Original text:

Artificial intelligence in its current form is based on the wholesale appropriation of existing culture, and the notion that it is actually intelligent could be actively dangerous.
In January 2021, the artificial intelligence research laboratory OpenAI released a piece of software called Dall-E. The software allowed users to enter a simple description of an image they had in their mind, and, after a brief pause, the software would produce an almost uncannily good interpretation of their suggestion. Typing in, for example, “a pig with wings flying over the moon, illustrated by Antoine de Saint-Exupéry” resulted, after a minute or two of processing, in something reminiscent of the watercolour brushes of the creator of The Little Prince.
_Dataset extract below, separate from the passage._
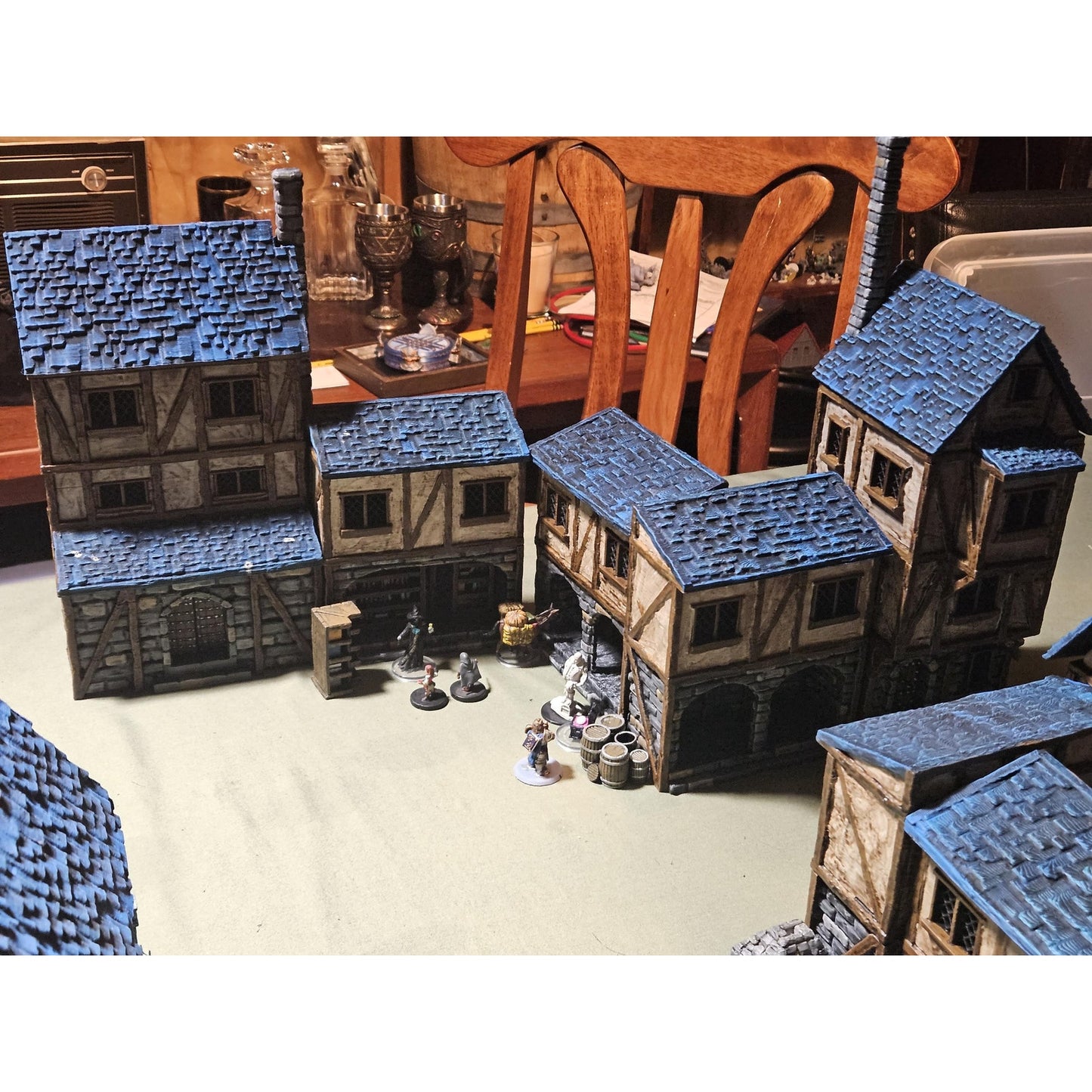 Medieval Town Houses Tabletop Terrain- Terrain Fantasy for D&D, Warhammer 28MM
The internet went wild. Social media was flooded with all sorts of bizarre and wondrous creations. And a few months later it happened again, this time with language, and a product called ChatGPT, also produced by OpenAI. Ask ChatGPT to produce a summary of the Book of Job in the style of the poet Allen Ginsberg and it would come up with a reasonable attempt in a few seconds.
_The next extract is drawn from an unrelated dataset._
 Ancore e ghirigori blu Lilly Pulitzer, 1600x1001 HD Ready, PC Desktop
The name Dall-E combines the robot protagonist of Disney’s Wall-E with the Spanish surrealist artist Salvador Dalí. On the one hand, you have the figure of a plucky, autonomous and adorable little machine sweeping up the debris of a collapsed human civilisation, and on the other a man whose most repeated bon mots include, “Those who do not want to imitate anything, produce nothing,” and “What is important is to spread confusion, not eliminate it.” Both make admirable namesakes for the broad swathe of tools that have come to be known as AI image generators.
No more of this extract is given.